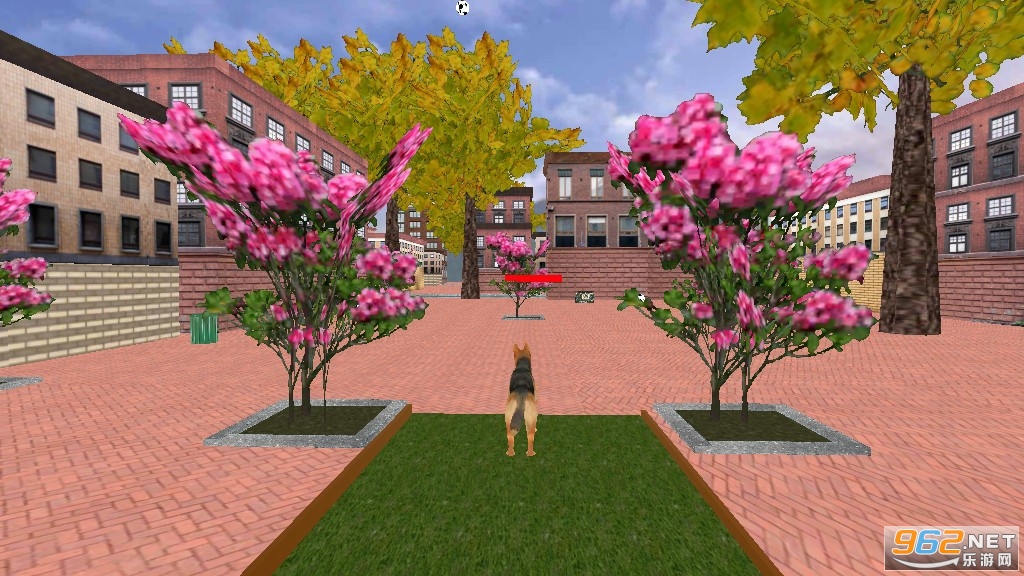 ����ģ����3D���°�(Dog Simulator 3D)��ͼ4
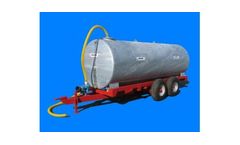 BICCHI - Model CC - Trucked Tanks Trailers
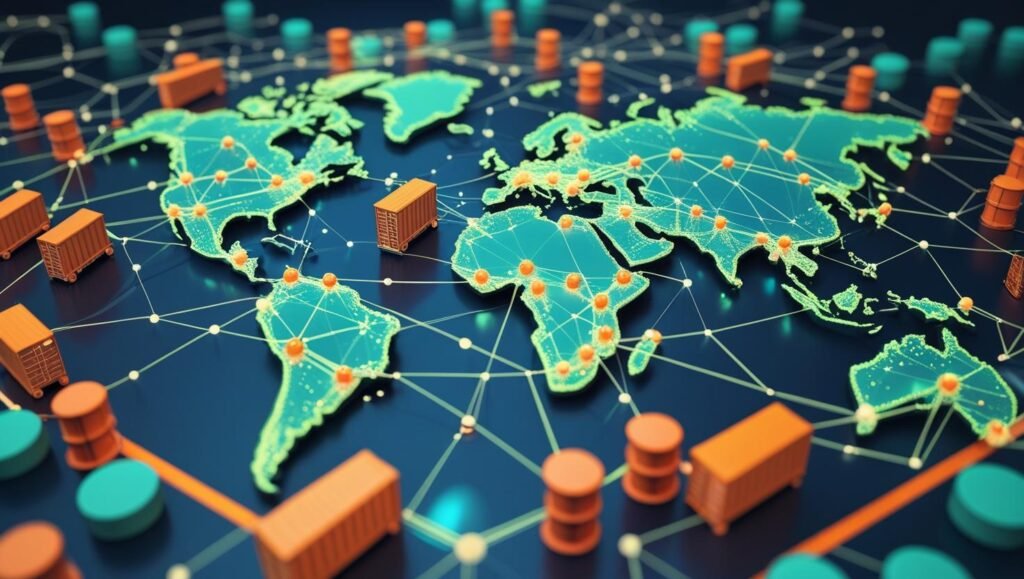 AI in Supply Chain Optimization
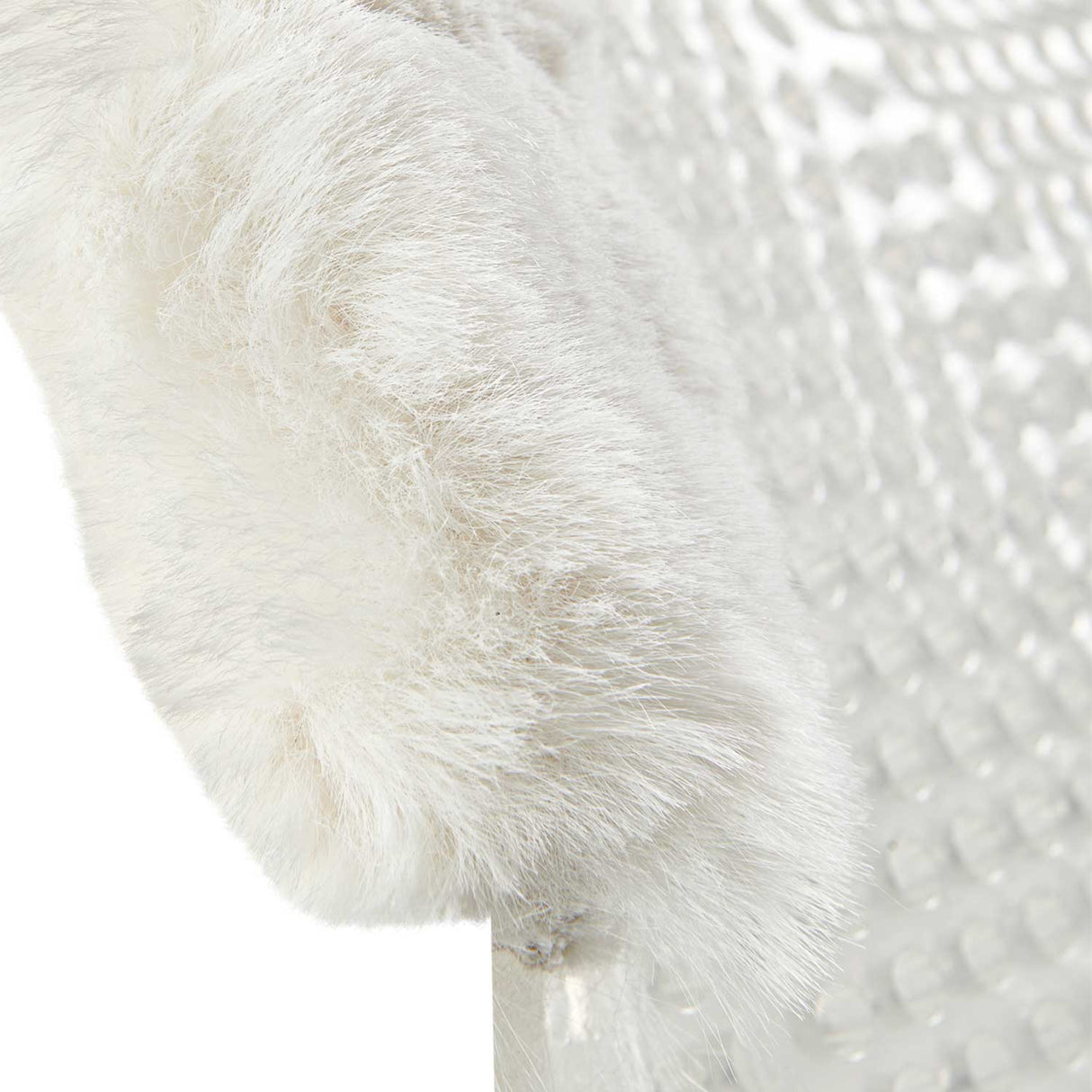 Acavallo Gel Ns-Fs Classic-Fs Cut-Out Rear Riser #colour_transparent-natural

- - - -

__ABOUT THIS TASK__:
Would it be possible to reproduce the material word for word, images omitted?

__SOLUTION TO THE PROBLEM__:
 ����ģ����3D���°�(Dog Simulator 3D)��ͼ4
 BICCHI - Model CC - Trucked Tanks Trailers
 AI in Supply Chain Optimization
 Acavallo Gel Ns-Fs Classic-Fs Cut-Out Rear Riser #colour_transparent-natural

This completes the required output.